Material for this task:
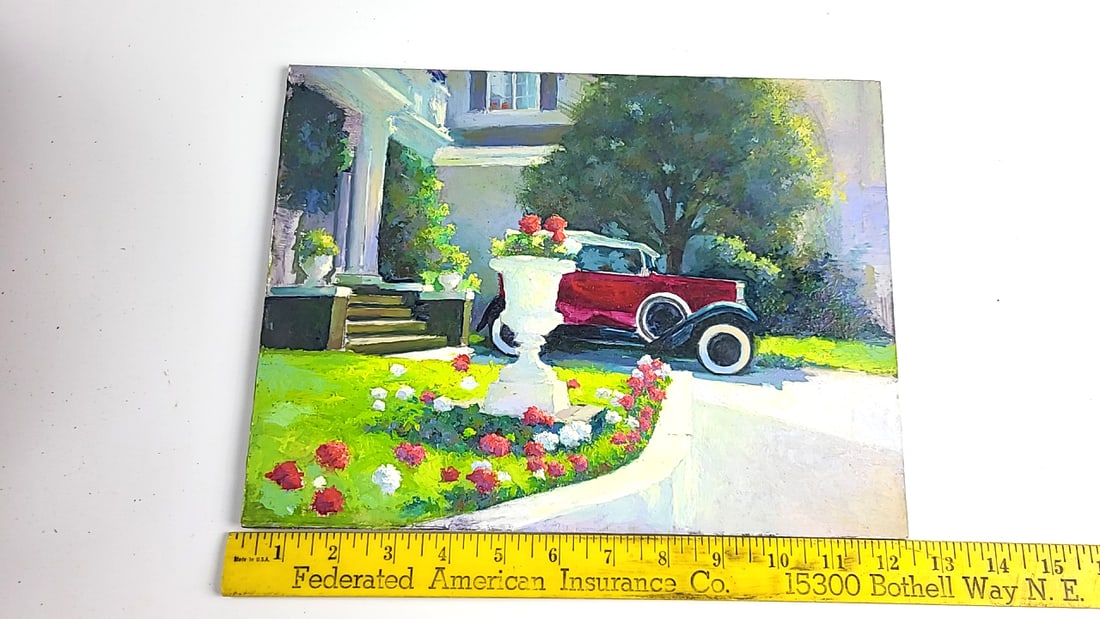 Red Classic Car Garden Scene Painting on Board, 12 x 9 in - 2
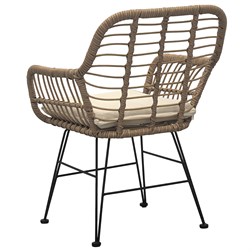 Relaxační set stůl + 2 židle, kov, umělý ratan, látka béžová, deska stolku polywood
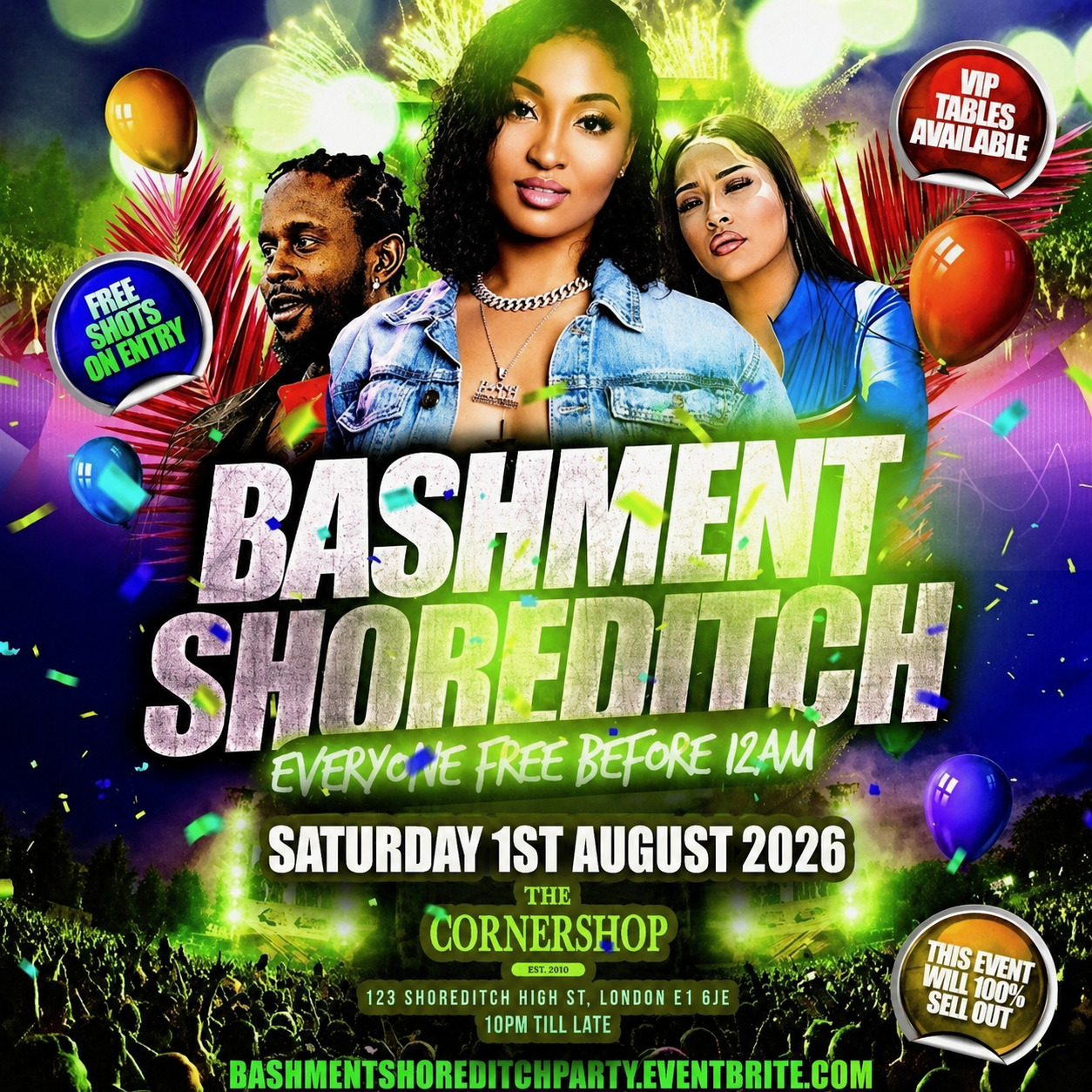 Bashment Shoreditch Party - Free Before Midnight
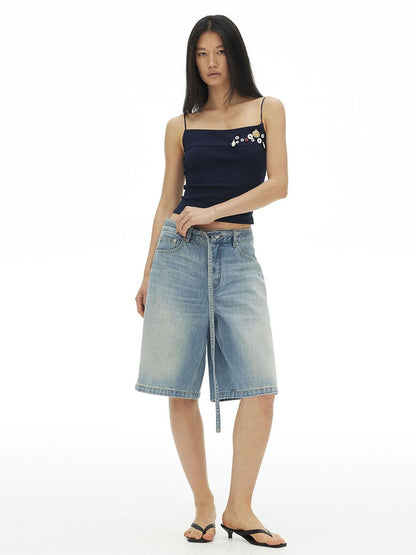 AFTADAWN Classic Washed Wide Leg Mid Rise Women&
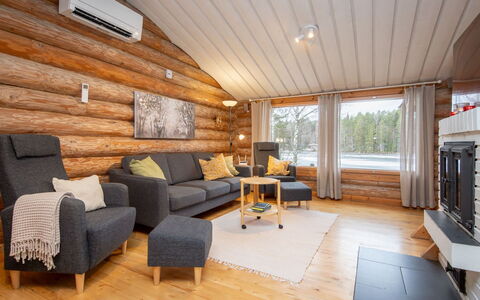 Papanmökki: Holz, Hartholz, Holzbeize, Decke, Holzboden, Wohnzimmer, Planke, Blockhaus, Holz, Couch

About this exercise: Reproduce the data verbatim. Do not carry any picture into the copy.

Result for this exercise:
 Red Classic Car Garden Scene Painting on Board, 12 x 9 in - 2
 Relaxační set stůl + 2 židle, kov, umělý ratan, látka béžová, deska stolku polywood
 Bashment Shoreditch Party - Free Before Midnight
 AFTADAWN Classic Washed Wide Leg Mid Rise Women&
 Papanmökki: Holz, Hartholz, Holzbeize, Decke, Holzboden, Wohnzimmer, Planke, Blockhaus, Holz, Couch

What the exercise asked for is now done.